Viewed today, these simultaneously propagandistic and earnest dramas made by future Television Academy Hall of Fame inductee Jack Webb play as highly entertaining, funhouse-mirror time capsules of Los Angeles in the 1960s. Inspired by actual police files, the fact-laced tales also employ a strong dose of grit in the hardboiled traditions of noir.
Join us for a trio of psychedelic freak-out Technicolor Dragnet cases — with surprise, mood-setting, time-and-space-bending musical interludes screened between episodes.
—John H. Mitchell Television Curator Mark Quigley
Dragnet 1967: “The Big LSD”
U.S., 1/12/1967
Sgt. Joe Friday and Officer Bill Gannon (Harry Morgan) are horrified to encounter a psychotic youth (Michael Burns) with a bizarrely painted face. Upon investigation, his alarming behavior is revealed to be caused by LSD, a potent new hallucinogenic drug increasingly popular among the teens that gather on the Sunset Strip. As counterculture youths extol the enlightening benefits of LSD, Friday’s gut-wrenching fears about the drug are illuminated in true noir fashion.

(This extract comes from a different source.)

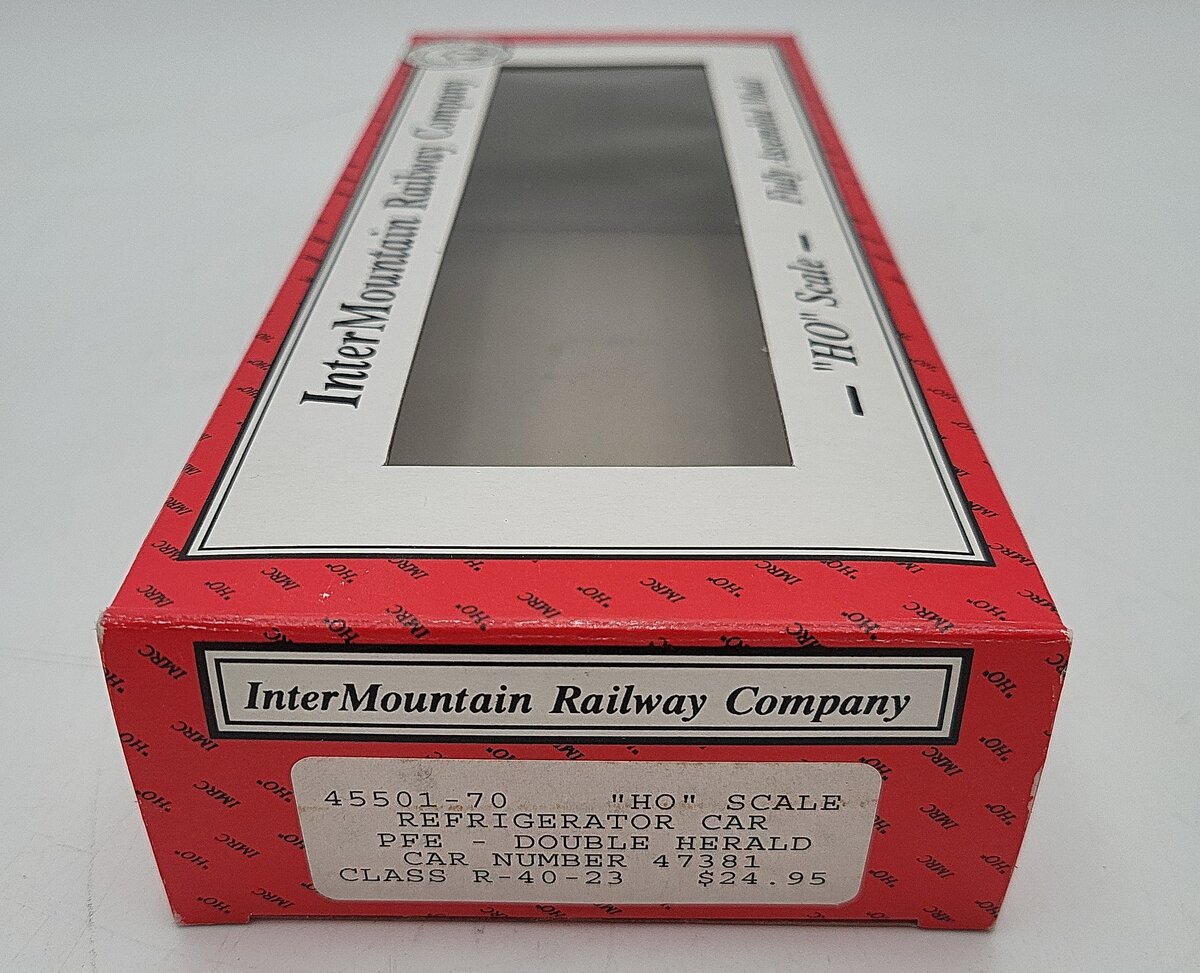InterMountain 45501-70 Pacific Fruit Express Steel Sided Ice Bunker Car EX/Box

DCP, b&w, 25 min. NBC. Mark VII Productions in association with Universal Television. Producer: Jack Webb. Director: Jack Webb. Writer: John Randolph. With: Jack Webb, Harry Morgan, Michael Burns. Use of Dragnet 1967 courtesy of NBCUniversal; special thanks to Mark Halperin.
Dragnet 1968: “The Big Prophet”
U.S., 1/11/1968
Officers Friday (Jack Webb) and Gannon (Harry Morgan) confront Brother William (Liam Sullivan), a self-described guru (seemingly modeled on Timothy Leary) suspected of selling LSD to minors. In a claustrophobic, psychedelic shrine of bead curtains, multi-colored lights and far-out posters, the officers engage the cultish leader in a bitter debate over the virtues and existential perils of mind-altering substances.
DCP, b&w, 25 min. NBC. Mark VII Productions in association with Universal Television. Producer: Jack Webb. Director: Jack Webb. Writer: David H. Vowell. With: Jack Webb, Harry Morgan, Liam Sullivan. Use of Dragnet 1968 courtesy of NBCUniversal; special thanks to Mark Halperin.
Dragnet 1968: “The Big High”
U.S., 11/2/1967
In the most darkly memorable episode of the entire long-running Dragnet franchise, Officers Friday (Jack Webb) and Gannon (Harry Morgan) investigate a young couple (Brenda Scott, Tim Donnelly) suspected of experimenting with marijuana. Dismissing the officers’ concerns as out of touch, a fateful pot party shatters the couple’s world, shaking seasoned cops Gannon and Friday to their hardened cores.
DCP, b&w, 25 min. NBC. Mark VII Productions in association with Universal Television. Producer: Jack Webb. Director: Jack Webb. Writer: David H. Vowell. With: Jack Webb, Brenda Scott, Tim Donnelly. Use of Dragnet 1968 courtesy of NBCUniversal; special thanks to Mark Halperin.